── DATASET

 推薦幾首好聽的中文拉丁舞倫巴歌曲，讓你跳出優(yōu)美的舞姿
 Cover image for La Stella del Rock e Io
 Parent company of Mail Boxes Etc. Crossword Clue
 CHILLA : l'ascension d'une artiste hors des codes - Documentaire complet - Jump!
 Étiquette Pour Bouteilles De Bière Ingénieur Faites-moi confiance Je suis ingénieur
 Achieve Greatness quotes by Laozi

────
── DATASET

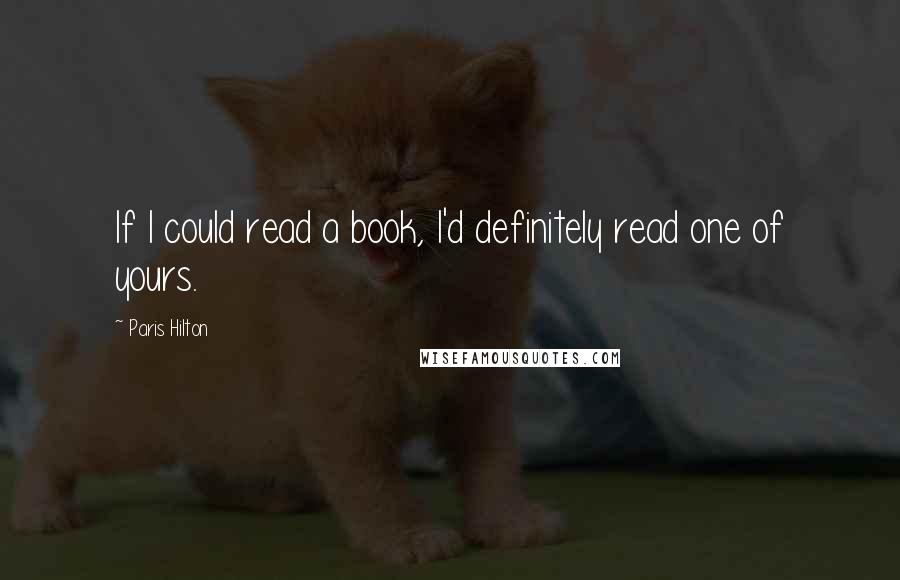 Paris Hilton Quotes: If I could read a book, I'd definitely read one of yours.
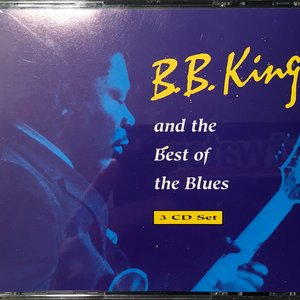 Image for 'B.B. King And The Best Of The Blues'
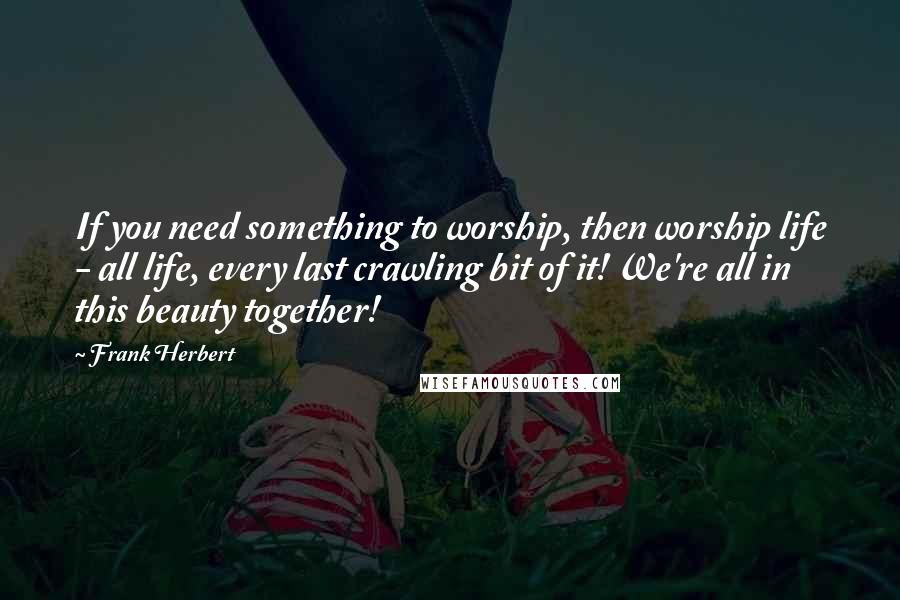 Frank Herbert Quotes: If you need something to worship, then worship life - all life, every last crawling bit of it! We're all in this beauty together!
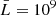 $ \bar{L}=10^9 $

────
── DATASET

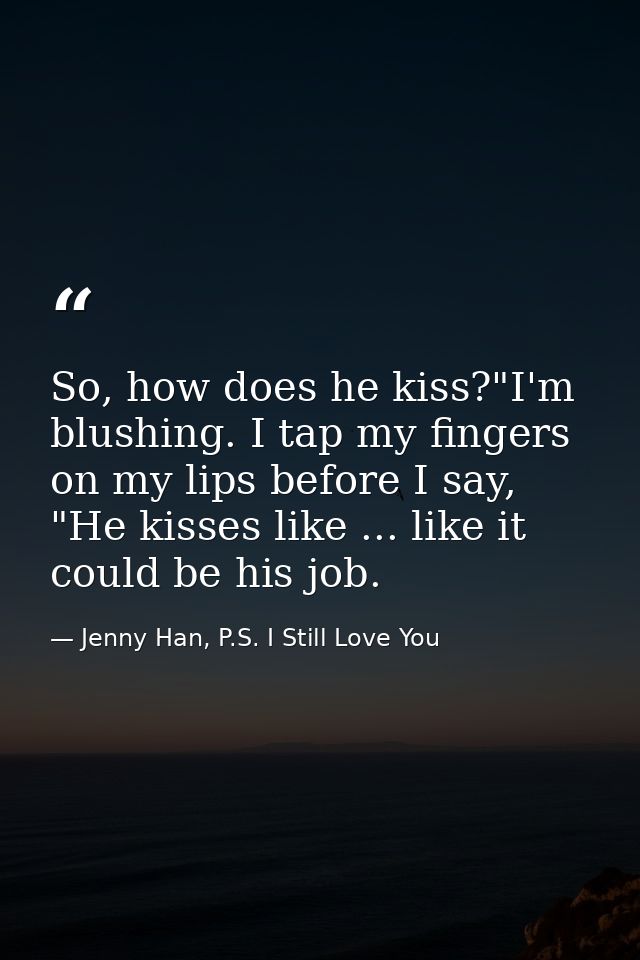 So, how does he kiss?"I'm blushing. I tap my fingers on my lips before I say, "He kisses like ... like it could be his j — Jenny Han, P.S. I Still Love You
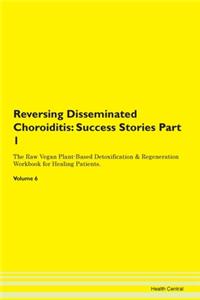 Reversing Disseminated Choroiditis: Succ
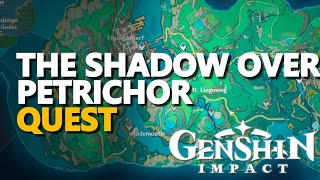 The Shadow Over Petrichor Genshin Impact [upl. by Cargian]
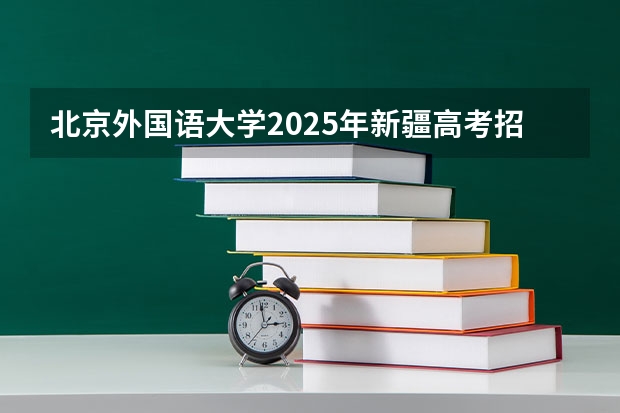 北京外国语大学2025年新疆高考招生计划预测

────

#### WHAT IS REQUIRED
Starting with the line with "CHILLA : l'ascension" above and going on through the line with "Achieve Greatness quotes by Laozi", transcribe every line exactly, both ends included, and add nothing.

#### SOLVED EXERCISE
 CHILLA : l'ascension d'une artiste hors des codes - Documentaire complet - Jump!
 Étiquette Pour Bouteilles De Bière Ingénieur Faites-moi confiance Je suis ingénieur
 Achieve Greatness quotes by Laozi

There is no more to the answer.